# Doctor



## Startingout-Blair (Aug 28, 2012)

Although I moved to Pennsylvania, I still visit my Doctor in Virginia every two months. She is a great doctor and has been my family doctor for over a decade. During my visit the other day, we chatted a little about current events and she stated she was worried about society collapsing. I made a few comments about prepping and self-sustainment and she was very curious. I then offered for her and her family to become a part of our community in PA. She was flabbergasted! She was totally appreciative and stated that this was definitely what she wanted to do. So, as time goes on, I am going to provide her with information pertaining to Bug-out bags, security/self-defense and traveling to get here when (or before if I let her know it's time) when SHTF. So now, I have an Internal Medicine Doctor, several nurses (including an emergency room nurse), an engineer, and a few other able-body people joining my homesteading group for when SHTF. I believe these are very indispensable people with highly needed skill sets! I will continue to recruit!


----------



## DJgang (Apr 10, 2011)

I think what you are doing is a great idea.

But....I'm kind of down on doctors. Don't get me wrong, they do help and heal, but I've found that Internal Medicine doctors only work with fixing the symptoms with a pill and rarely can tell you why something is happening and how to "heal". 

My parents go to an Internal Med doctor, my at the pills! 

I tried for years to get help from an Internal Med doctor. I had a pain in the middle of my chest, still have no idea what it was. But you can believe I was shot up with so much radiation, it's a wonder I am not glowing. She couldn't figure out what was wrong with me, so she just increased my anti depressants. Every visit, she was always grabbing a book from her pocket and looking up something to give me! vract: 

ER nurses will know more than an internal med doctor. My opinion.

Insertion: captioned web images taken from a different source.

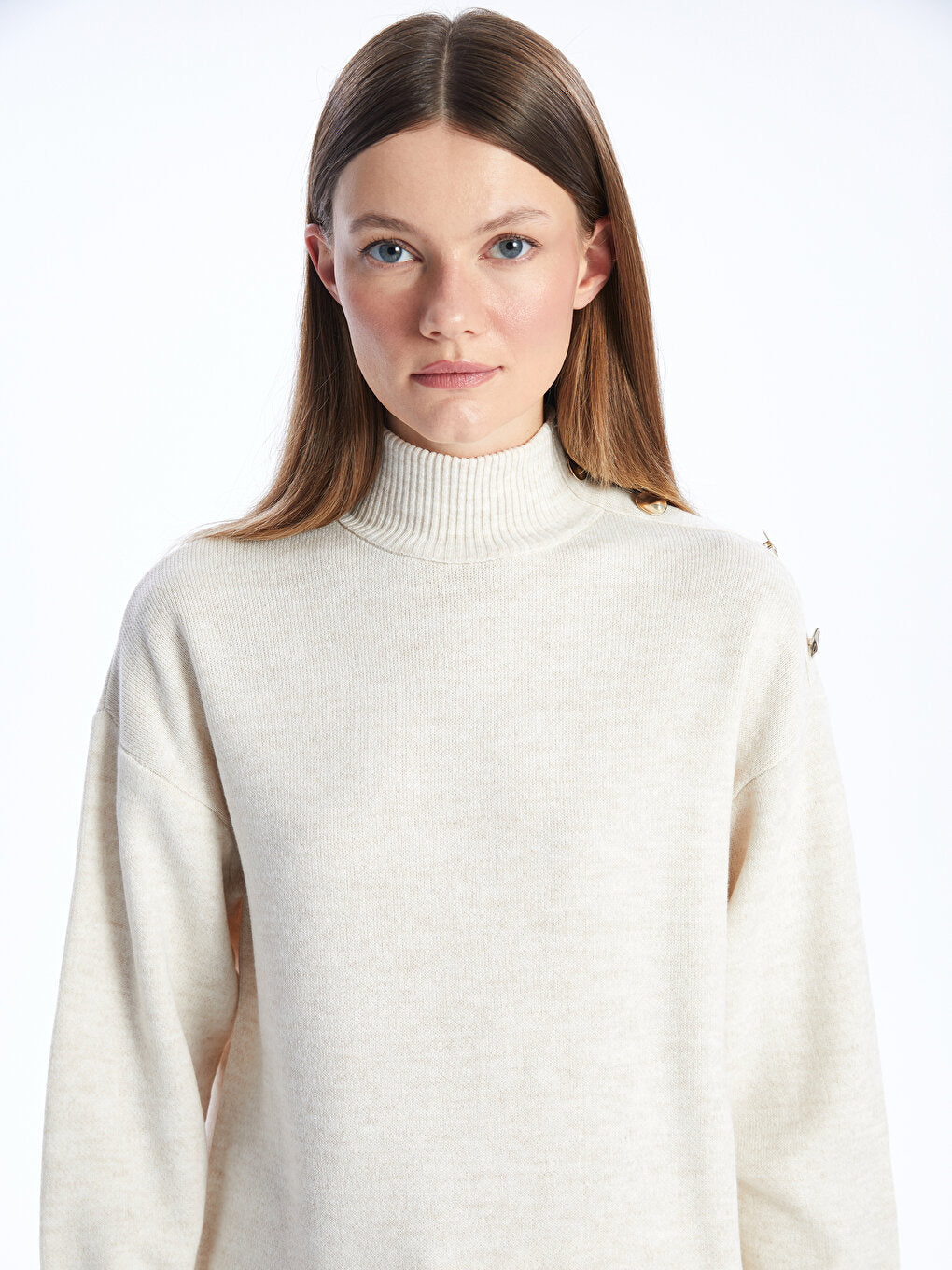 Half Turtleneck Plain Long Sleeve Women's Knitwear Tunic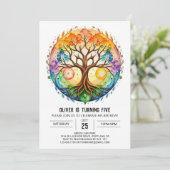 Invitation Aquarelle Nature Arbre de vie Anniversaire (Debout devant)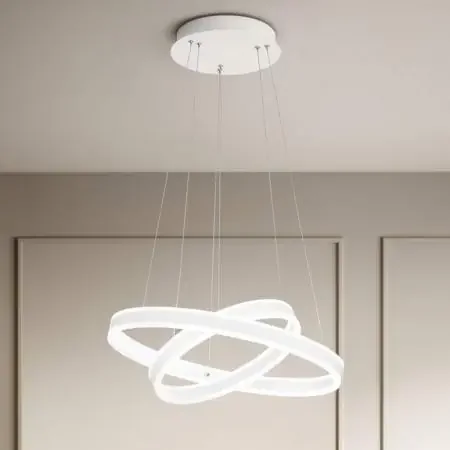Preisreduziert Palau LED-Pendelleuchte in Doppel-Ringform in Weiß up&downlight dimmbar Ø40+60cm von Fabas Luce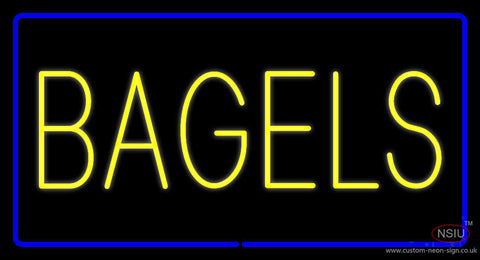 Yellow Bagels Rectangle with Blue Border Neon Sign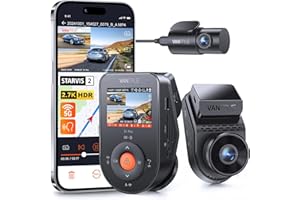 Vantrue S1 Pro Dual 1440P Dash Cam Front and Rear, Dash Camera w/2.7K, STARVIS 2, HDR Night Vision, 5G WiFi, 60FPS, Optional Remote Live View, GPS, Voice Control,24/7 Parking Mode, Support 512GB Max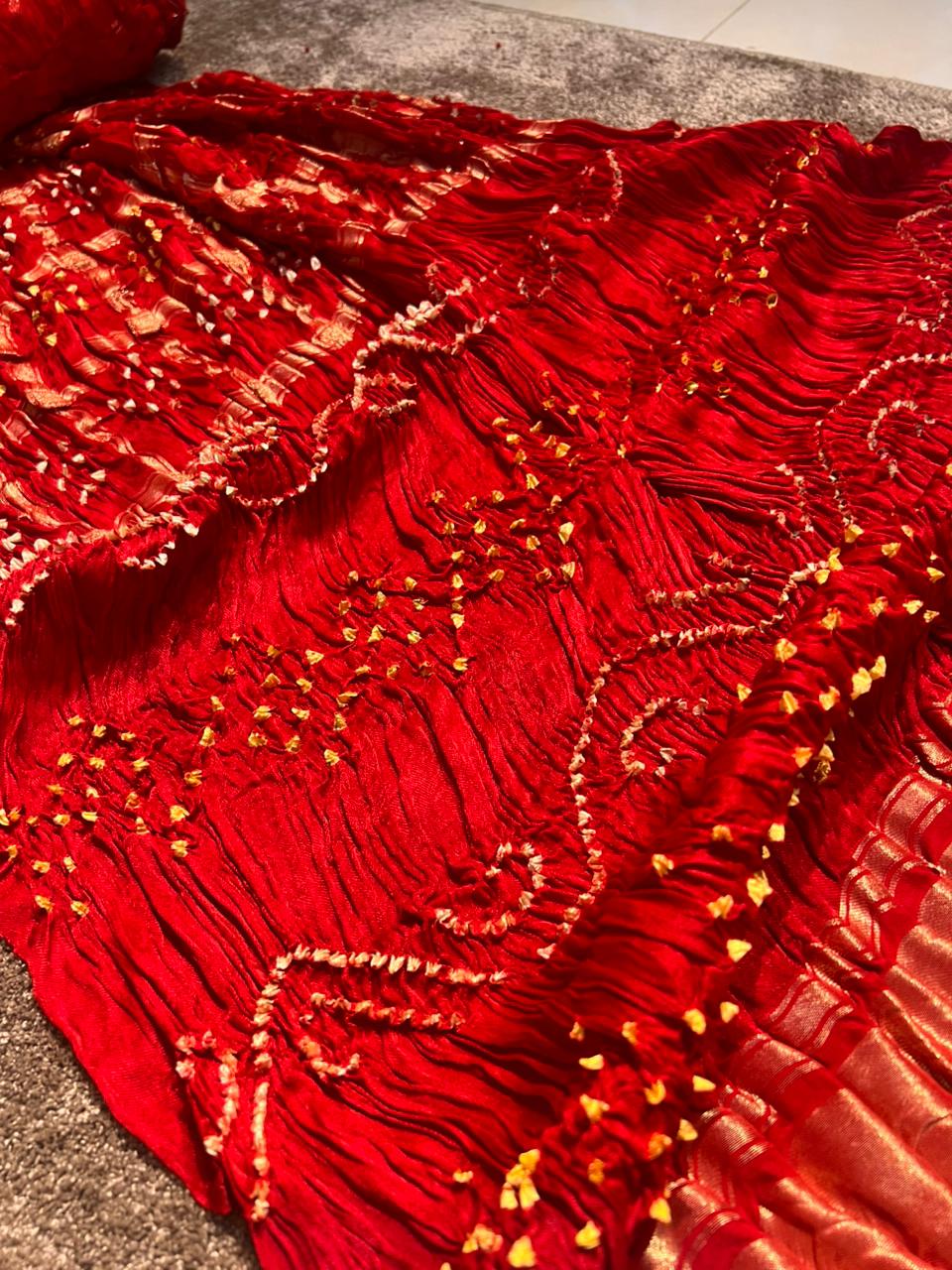 Beautiful Red Color Gajji Silk Saree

A good herbologist, willing to bring his stash, someone who knows iridology, would be great to have as well.


----------



## Startingout-Blair (Aug 28, 2012)

Don't get me wrong. I understand how you feel. I've met a couple of Doctors that try to find something wrong with you so they can prescribe meds. I do believe they get a kickback on the amount they can prescribe. Some of them should be paid for advertising! But the doctor I have is very good. She listens, walks through all potential problems and ways to recover. She also gives herbal meds a chance as well. She believes that, if it works for you, it is the correct way to heal. I've never had a doctor this good and, I'd I can, I'm keeping hold of her!!! Lol...plus, she is REALLY cute!!! Lol


----------



## Startingout-Blair (Aug 28, 2012)

I also plan to get an ER nurse to join us.


----------



## DJgang (Apr 10, 2011)

Startingout-Blair said:


> Don't get me wrong. I understand how you feel. I've met a couple of Doctors that try to find something wrong with you so they can prescribe meds. I do believe they get a kickback on the amount they can prescribe. Some of them should be paid for advertising! But the doctor I have is very good. She listens, walks through all potential problems and ways to recover. She also gives herbal meds a chance as well. She believes that, if it works for you, it is the correct way to heal. I've never had a doctor this good and, I'd I can, I'm keeping hold of her!!! Lol...plus, she is REALLY cute!!! Lol


you are very lucky!!!!!


----------



## DJgang (Apr 10, 2011)

My herbologist keeps dropping hints that he's a prepper. All my friends go to him as well, the friends that are starting to prep....we may have to hit him up and see if he wants to become a community, haha. 

Seeing friends today...I'm gonna talk it over with them. We all homeschool and every Friday we get the kids together for something fun...our talks have led to prepping.


----------



## Startingout-Blair (Aug 28, 2012)

That's a great idea! Keep up the good work. Getting a basic community started now is ideal! Even if it is only for trade after SHTF


----------



## CrackbottomLouis (May 20, 2012)

Well done. Sounds like a good core group to start with. There are always ways to improve what you have and everyone will have their own opinion on how to do it. Mine is......start prcticing thing with your group now. You have a unique opportunity to really get to know the strength's and weaknesses of your folks now prior to an emergency. Thats pretty great. Make the most of it. Good luck to ya


----------



## worldengineer (Sep 20, 2010)

Society can't collapse yet I'm not done with my nursing program yet....

I'm trying to be an ER nurse. Least I'll still be useful after the SHTF. Along with my architectural classes I'll be a pretty odd and useful mixture.


----------



## CrackbottomLouis (May 20, 2012)

worldengineer said:


> Society can't collapse yet I'm not done with my nursing program yet....
> 
> I'm trying to be an ER nurse. Least I'll still be useful after the SHTF. Along with my architectural classes I'll be a pretty odd and useful mixture.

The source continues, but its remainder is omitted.